Maintenant comment est-on parvenu à établir l’existence des lois physiques que nous connaissons et sous quel aspect se présentent-elles à nous? Tout d’abord, il faut bien le reconnaître, il n’est pas évident que le monde obéisse à des lois physiques, il n’est même pas évident que la permanence de leur empire jusqu’à l’heure actuelle étant admise, il en sera toujours de même à l’avenir. Il est en effet tout à fait concevable et il n’est au pouvoir de personne d’empêcher qu’un beau soir, à la suite d’un événement tout à fait imprévu, la nature nous joue le tour de s’abandonner à une sorte de jeu fantaisiste, et nous donne le spectacle de l’incohérence la plus complète et la plus irréductible à l’idée d’une loi quelconque; il ne resterait alors plus à la science que la ressource de se déclarer en faillite. Pour employer le langage de Kant, nous dorons qu’elle met le principe de causalité au nombre des catégories a priori sans lesquelles aucune connaissance n’est possible. Il s’ensuit alors nécessairement que l’essence des lois physiques n’est plus déterminable par le travail de la réflexion que ne peut l’être a priori le contenu des diverses lois physiques particulières. Pour cette détermination, il n’est qu’un seul moyen, se tourner vers la nature et l’interroger par les expériences les plus nombreuses et les plus diverses; comparer ensuite les résultats de ces expériences et les traduire en formules aussi simples et générales que possible, en un mot e servir de la méthode inductive.


 

 

Affirmé dogmatiquement par un empirisme qui s’enferre dans sa constatation, un fait s’inféode à des types de compréhension sans rapport avec la science actuelle. D’où des erreurs que la cité scientifique n’a pas de peine à juger. Qui a compris, par exemple, la théorie scientifique du point de rosée a conscience d’apporter une preuve définitive qui clôt l’ancienne controverse. La technique d’un hygromètre comme ceux de Daniell ou de Regnault - pour ne citer que des appareils connus au milieu du XIXe - donne une garantie d’objectivité moins facile à obtenir d’une simple observation “naturelle”. Une fois qu’on a reçu cette leçon d’objectivité, on ne peut guère commettre l’erreur d’un Renan qui croit pouvoir rectifier le sens commun en ces termes: «Le vulgaire aussi se figure que la rosée tombe du ciel et croit à peine le savant qui l’assure qu’elle sort des plantes.» Les deux affirmations sont également fausses; elles portent toutes deux la marque d’un empirisme sans organisation de lois. Si la rosée tombait du ciel ou si elle sortait des plantes, elle ne susciterait qu’une bien courte problématique. Le phénomène de la rosée est rationalisé par la loi fondamentale de l’hygrométrie liant la tension de vapeur à la température. Appuyé sur la rationalité d’une telle loi on peut, sans contestation possible, résoudre le problème de la rosée.

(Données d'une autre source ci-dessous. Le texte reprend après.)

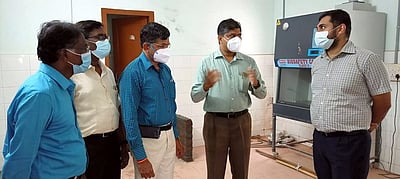 ஆா்டிபிசிஆா் இயந்திரம் நிறுவுமிடம்  ஆட்சியா் ஆய்வு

(…) Ainsi les faits s’enchaînent d’autant plus solidement qu’ils sont impliqués dans un réseau de raisons. C’est par l’enchaînement conçu rationnellement que les faits hétéroclites reçoivent leur statut de faits scientifiques. Que la Terre tourne, c’est là une idée avant d’être un fait. Ce fait n’a primitivement aucun trait empirique. Il faut le mettre à sa place dans un domaine rationnel d’idées pour oser l’affirmer. Il faut le comprendre pour l’appréhender. Si Foucault cherche, avec le pendule du Panthéon, une preuve terrestre de ce fait astronomique c’est parce qu’un long préambule de pensées scientifiques lui a donné l’idée de cette expérience. Et quand Poincaré dit que sur une terre couverte de nuages cachant les étoiles, les hommes auraient pu découvrir la rotation de la Terre par l’expérience de Foucault, il ne fait que donner un exemple de rationalisme récurrent répondant à la formule: on aurait pu, on aurait dû prévoir, ce qui revient à définir la pensée rationnelle comme une prescience.